Сообщив, что организация сил рабочих уже
совершается на Западе, Бакунин ставил вопрос о том, каким образом она
может произойти в России, — ставил, но не давал ответа. Брошюра осталась
незавершенной.
В другой прокламации — «Постановка революционного
вопроса» ответ на этот вопрос в общей форме был. Развивая свою известную
мысль о том, что молодежь не должна учить народ, Бакунин писал, что теперь
следует не учить, а бунтовать, объединяя разрозненные народные выступления.
Революционеры должны дать народу «единство повсеместного движения путем
сплочения его же собственных бунтующих и до сих пор разрозненных сил» (108). По
существу, это также был вопрос организации, для претворения в жизнь которой
следовало непосредственно участвовать в народных бунтах.
Что же называл Бакунин бунтом? В прокламации
содержалось разъяснение и по этому поводу. Он писал о двух видах народных
выступлений: бунтах мирного крестьянского населения и разбойничьих бунтах. При
подавлении первых части восставших удастся бежать, и они-то становятся
разбойниками. «Разбой — одна из почетнейших форм русской народной жизни. Он
был со времени основания московского государства отчаянные протестом народа
против гнусного общественного порядка... Разбойник — это герой, защитник,
мститель народный, непримиримый враг государства и всего общественного
и гражданского строя... боец на жизнь и на смерть против всей чиновно-дворянской
и казенно-поповской цивилизации» (109).
Так впервые прозвучала бакунинская апология разбойного
мира. Это было, пожалуй, самое необоснованное и фантастическое из всех его
утверждений. Но поскольку оно прочно вошло в актив его программных требований,
попробуем разобраться в его сути. По существу, Бакунин сам помогает это сделать.

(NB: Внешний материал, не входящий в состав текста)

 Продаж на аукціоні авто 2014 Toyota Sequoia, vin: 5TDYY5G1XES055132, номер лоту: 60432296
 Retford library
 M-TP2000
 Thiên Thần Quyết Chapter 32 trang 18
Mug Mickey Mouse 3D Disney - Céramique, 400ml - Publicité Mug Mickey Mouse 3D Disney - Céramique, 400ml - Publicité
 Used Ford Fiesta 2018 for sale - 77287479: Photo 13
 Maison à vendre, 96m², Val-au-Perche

В настоящей брошюре он говорит не о тех, кто грабит на дорогах мирных
жителей, а о тех, кто, спасаясь от разгрома того или иного местною бунта, уходит
в лес и, скрываясь там, пребывает в постоянной готовности продолжать начатую
борьбу. В письме Нечаеву от 2-9 июня 1870 г. он пишет о «казацко-paзбойном
мире», тем самым указывая, что речь идет о крестьянах, которые в поисках воли
бежали от крепостной зависимости. Разбойник в представлениях Бакунина – это
прежде всего человек, на все готовый не ради выгоды, денег, богатства, а только
ради воли. Необоснованность надежд Бакунина на «разбойный мир» состояла не в
том, что мир этот плох или аморален, а в том, что его попросту не было. 70-е
годы XIX в. нельзя было сравнивать с XVI-XVII веками. Народные легенды нельзя
было считать отражением современной действительности. Борьбу за землю в
послереформенные годы нельзя было рассматривать вне реальных требований и нужд
крестьян, чтобы объяснить настойчивость, с которой Бакунин отстаивал этот тезис,
можно обратиться лишь к единственному рациональному мотиву. «Разбойный мир»

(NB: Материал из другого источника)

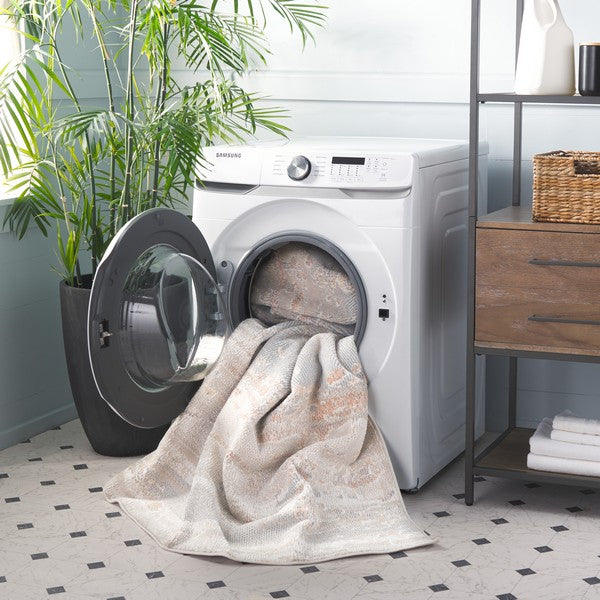 safavieh clearance blair washable blr244b beige rug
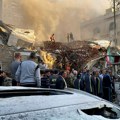 Strah od eskalacije nakon napada na iransku ambasadu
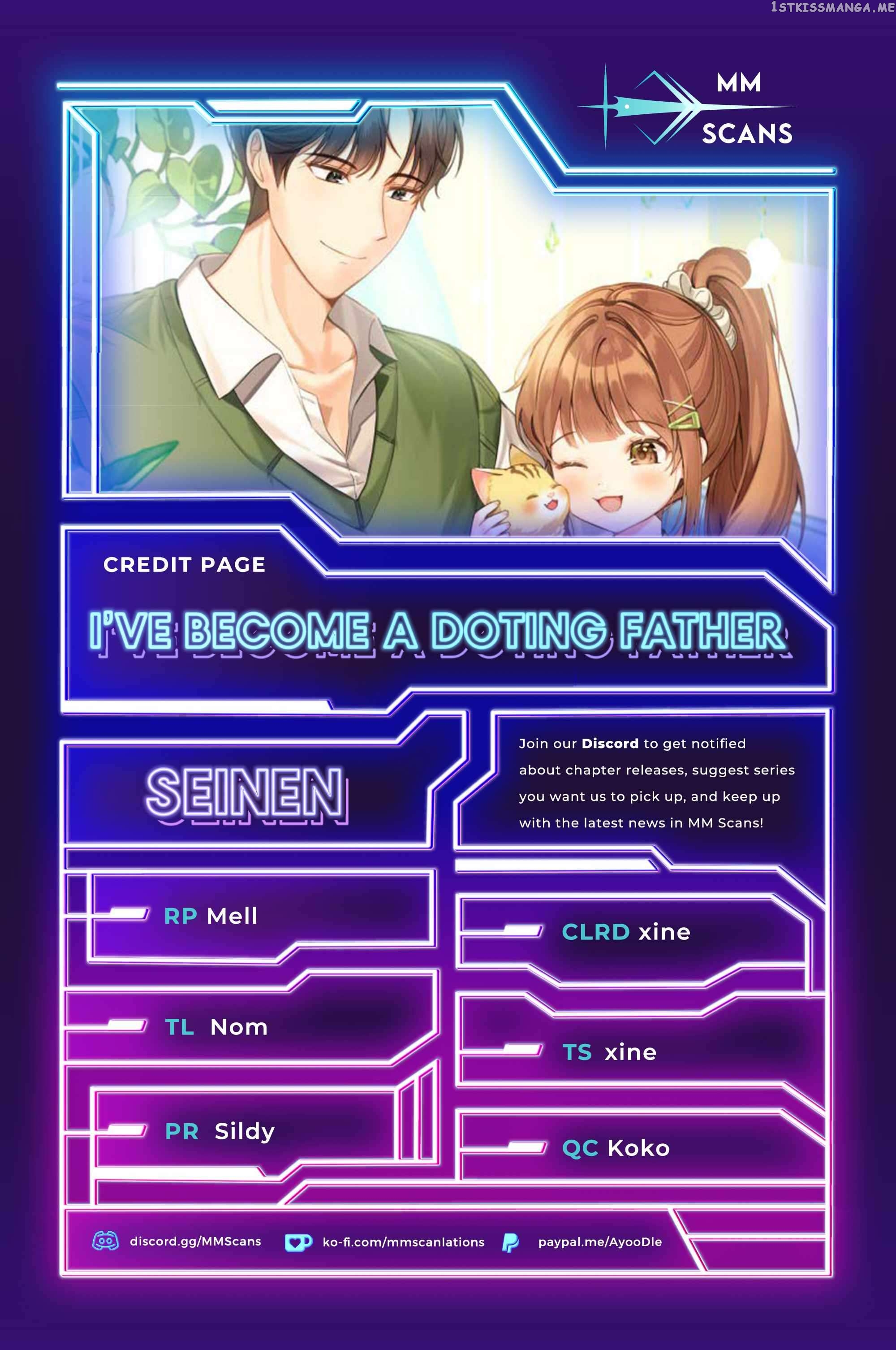 I Become a fool when it comes to my Daughter Chapter 108 - page 1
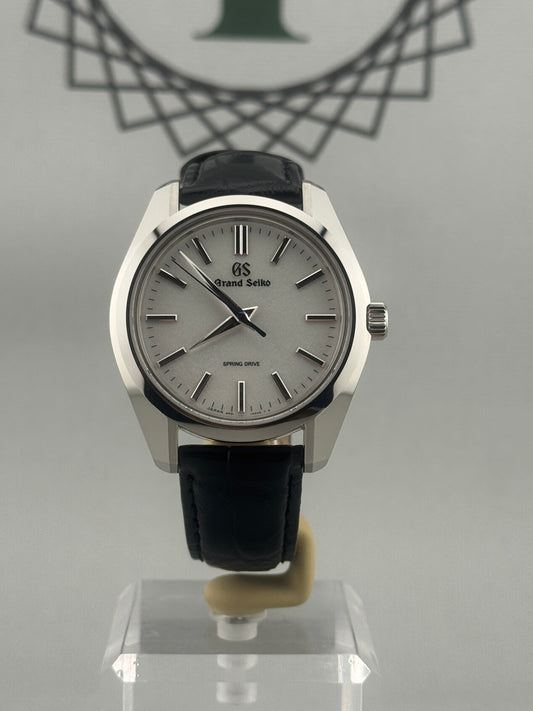 2024 GRAND SEIKO SBGY011 Spring Drive 'Asa Borake' - 40mm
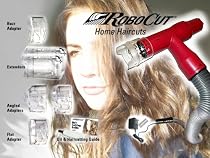 Robocut Model-r28 Vacuum Haircutter, Red
From Robocut
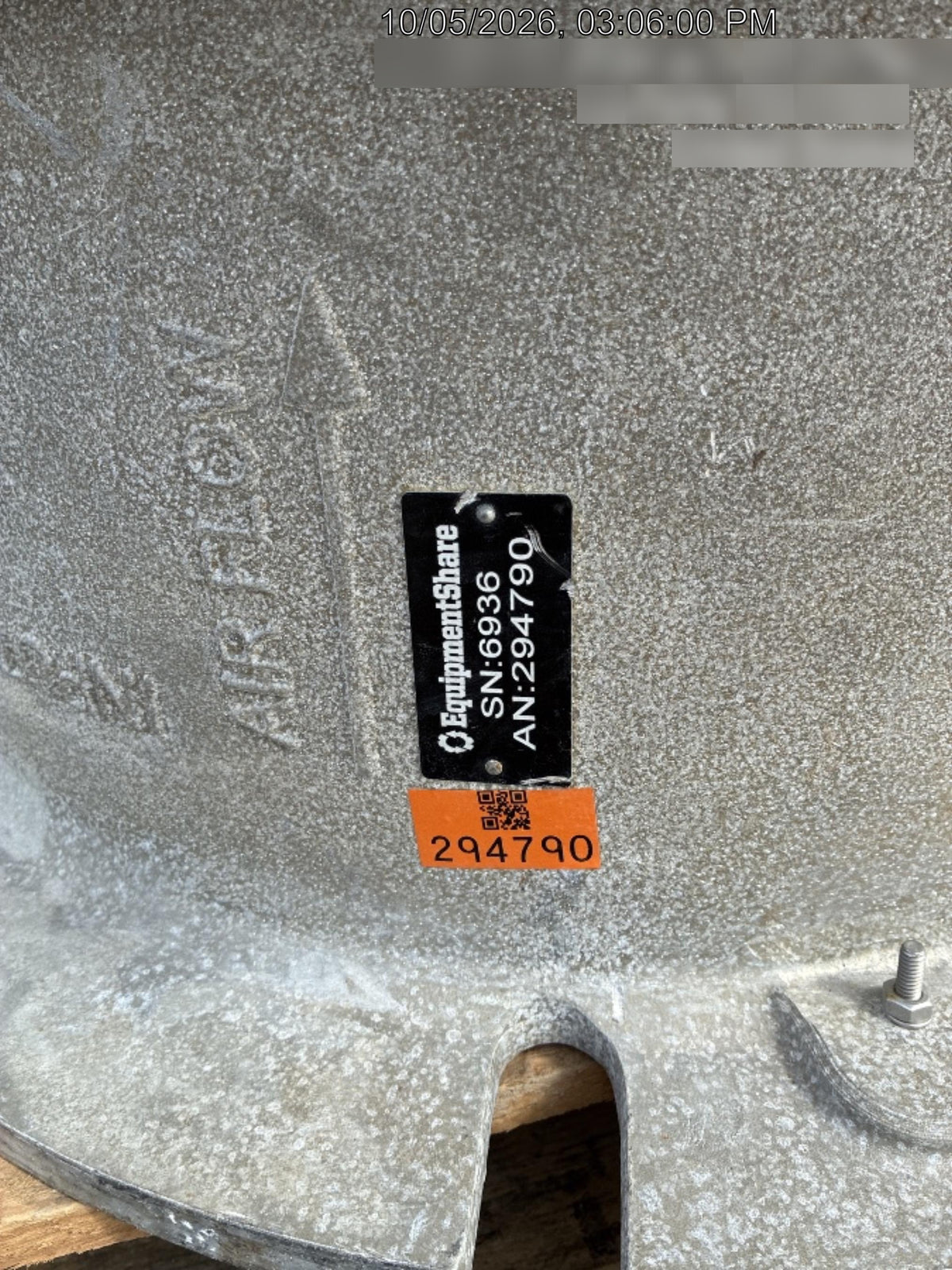 2023 WIDDER 20265-TRACKER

нужен бы ему как доказательство того, что мысли о восстании и разрушении
существующих форм жизни всегда «стихийным образом живут в сознании масс». Но
рациональность не была определяющей чертой личности
Бакунина.
Мнения исследователей, например Ю. М. Стеклова, о том,
что Бакунин был прежде всего человеком дела, неверны. Стоит вспомнить его
занятия философией, его способность не только к познанию и объяснению
существующих философских систем, но и к созданию собственных
философско-социологических доктрин. Теория его, однако, не всегда
согласовывалась с действительностью, и тогда, чтобы заполнить брешь между
желаемым и действительным, возникали немотивированные утопии. Одной из них
и была апология «разбойного мира».
Именно утопический характер возвеличивания разбоя хорошо
понимал Огарев. «Ты в "Постановке революционного вопроса", — писал он, —
хочешь навязать народу движения, которых нот, движения, которые являются как
частные уходы от бед и преследований... Удастся могут только движения,
которые пойдут не в лес, а на сельские площади... Разбой остался в России
как частный случай. Чего же ты хочешь от подобных форм? Они вне народных
требований. Ты говоришь: "Мы, разумеется, стоим за народ". Кто это мы? Прежде
всего надо, чтобы народ нас признал за своих» (110).
Для становления бакунинской программы важна его
прокламация «К офицерам русской армии». Здесь проблема организации сил
русского движения, обозначенная в общем плане в брошюрах «Наука и насущное
революционное дело» и «Постановка революционного вопроса», обрела более
конкретные черты. Впервые им было сказано о тайной организации в России, о
ее задачах, моральном облике ее членов, о ее соотношениях с народом.
«Тайная организация — это как бы штаб революционного войска, а войско —
целый народ» (111). Под этим «штабом» Бакунин подразумевал «уже теперь
существующую и действующую организацию», подчиненную «всем приказаниям и
распоряжениям единого комитета». Нечаевская «Народная расправа»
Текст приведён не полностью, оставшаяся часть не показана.